動画の魅力について前回語ったのだが、今その動画で商品を売りまくっているジャパネットたかたについて考察した書籍を紹介。
著者の金子氏曰く、現在の消費者はマジックミラー消費が好きだということらしい。つまり消費者側からは説明を聞くが、相手側からアプローチをしてきてもらっては困るという消費者心理だ。
そして、その心理にマッチしたのがテレビショッピングというわけだ。近所のお店の人にあれこれ商品の説明をしてもらったあとで「やっぱりいりません」というのは気が引けるが、テレビショッピングであれば詳細説明を聞いた後でも電話しなければ平気だ。
その中でも売上1000億円以上を誇るジャパネットたかたについては高田社長のキャラクターについて、そのしゃべり口調から音声学の先生も交えて詳細に解説している。
そのジャパネットたかたが最近パソコンを積極的に売っているのは皆さんご存知と思う。そのパソコン販売というのが実はジャパネットの経営戦略の重要な位置を占めているであろうことが指摘されている。

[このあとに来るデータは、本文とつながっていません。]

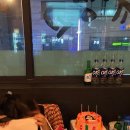 외대갈매기 이미지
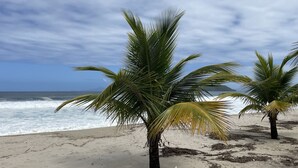 Ein Strand mit Palmen und dem Meer.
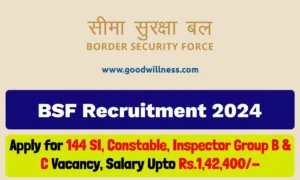 BSF Notification 2024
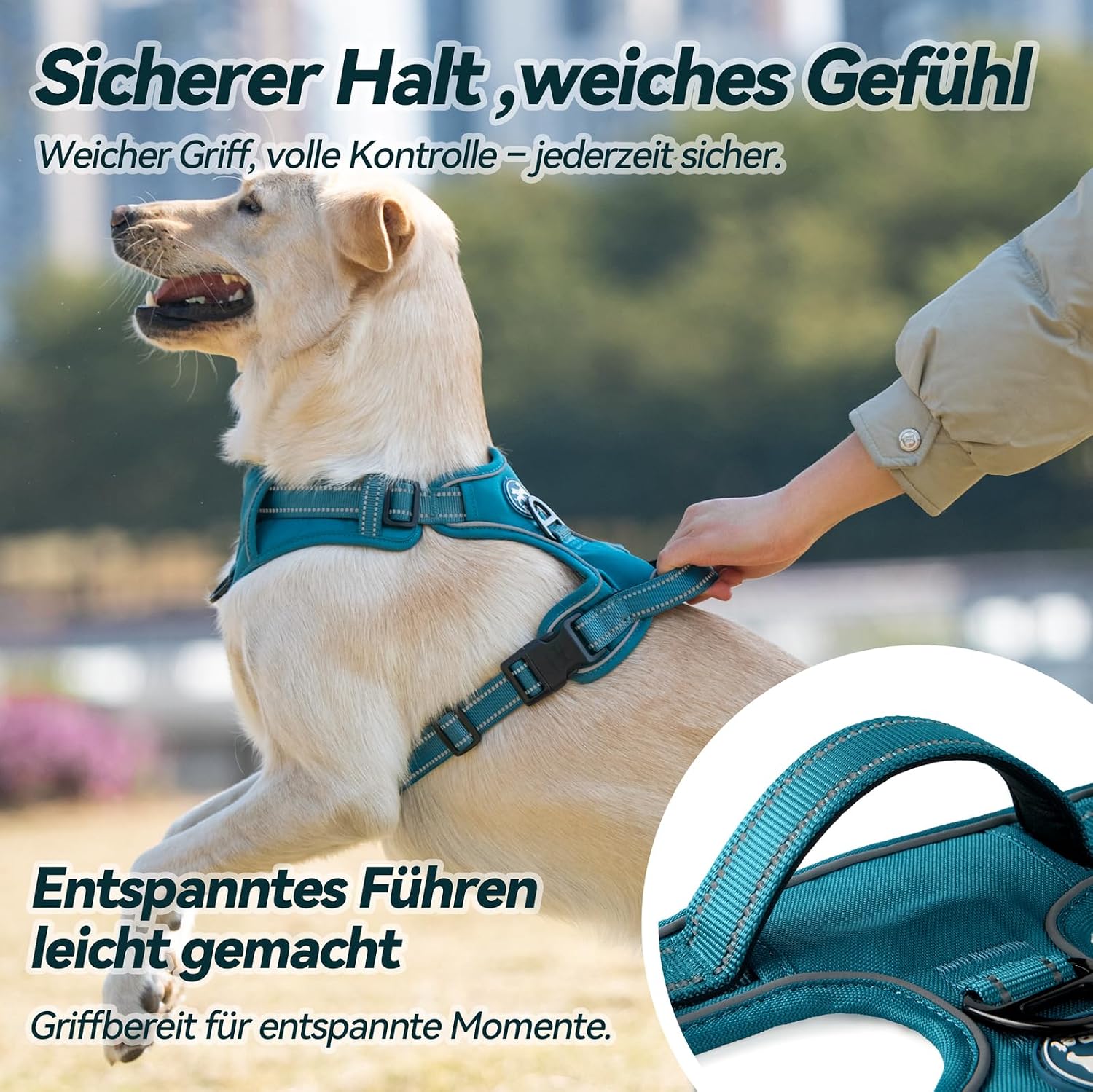 PoyPet Hundegeschirr ohne Zug, Reflektierendes Hundegeschirr für Hunde ohne Würgen, verstellbare, weich gepolsterte Haustierweste mit einfachem Steuergriff für mittelgroße Hunde (Tumalo Teal, M) – Bild 8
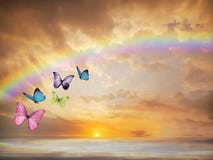 Natural background with butterflies and rainbow in sea reflection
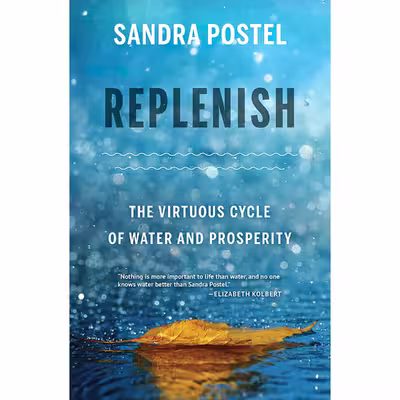 کتاب Replenish اثر Sandra Postel انتشارات Island Press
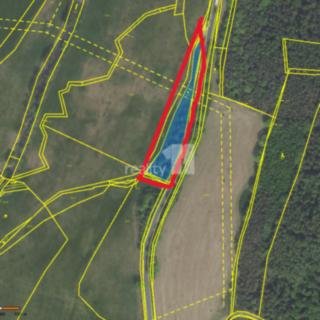 Pronájem zemědělské půdy 2335 m² Trhové Dušníky
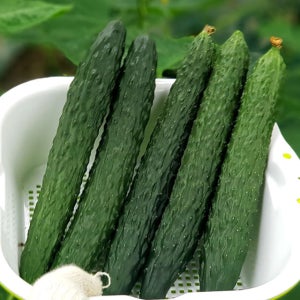 산지직송 오이 5kg 10kg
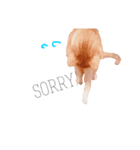 猫共（個別スタンプ：7）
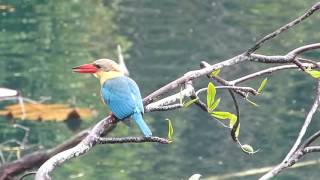 Stork billed Kingfishers  2 birds duetting at Hindhede Quarry pond [upl. by Purse566]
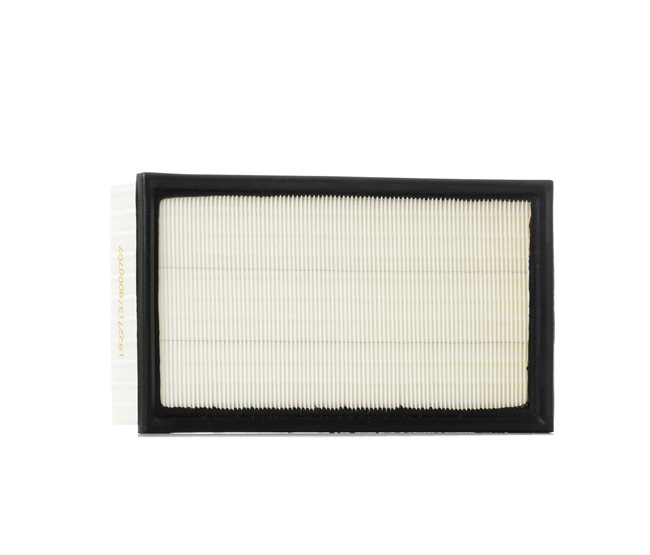 Air Filter RIDEX 8A0015 8A0015 - photo 1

テレビ・ラジオ・新聞と三大メディアは売上高でも苦戦を強いられている昨今、インターネットメディアに関してはいまだ急成長をしている。
ただ、インターネットメディアが急成長しているとはいえ、ジャパネットたかたの商品属性としては機械に不慣れな高齢世帯というのが主要な客層でもある。簡単には以降できない。そこでセットでのパソコンを売り、しかもインターネットの設定までジャパネットがやってくれる。そんなオールインワンパッケージをテレビや新聞折り込みなどの媒体で積極的に展開している。そして、パソコンが売れればどうなるか。
ここからは私見だが、パソコンが売れてインターネットの接続が出来れば、消費者はネットを使えるようになる。しかもその顧客はジャパネットで購買履歴のある顧客だ。インターネット接続の際にブックマークにジャパネットのホームページを入れておけば当然それを見ることは容易になる。そしてインターネットを使えるようになった世帯に対し、ネット販売を強化する。
ネット販売は他の媒体と違い、媒体コスト(枠を押さえるコスト)が比較にならないくらい安価だ。マーケティングにかけるお金が少なくてすむ既存顧客にアプローチするには最適な媒体でもある。こうやってテレビなど高価な媒体を使って集客した顧客のLTV(Life Time Value)をネットにつながるパソコンを買ってもらうことによって向上させるという戦略ということだ。
ブランドスイッチというのはなかなか起こりにくいとも言われる。ネット初心者をつかんだジャパネットは今後その人たちのパートナーとなっていく。三大メディアが凋落した後もジャパネットは行き続けるというシナリオだ。
ジャパネットの高田社長の深慮遠謀というのは実はそこにあるのではないだろうか。
高田社長は私と同じ長崎県平戸の生まれなのでがんばっていただきたいと思っている。私も負けずに頑張ります!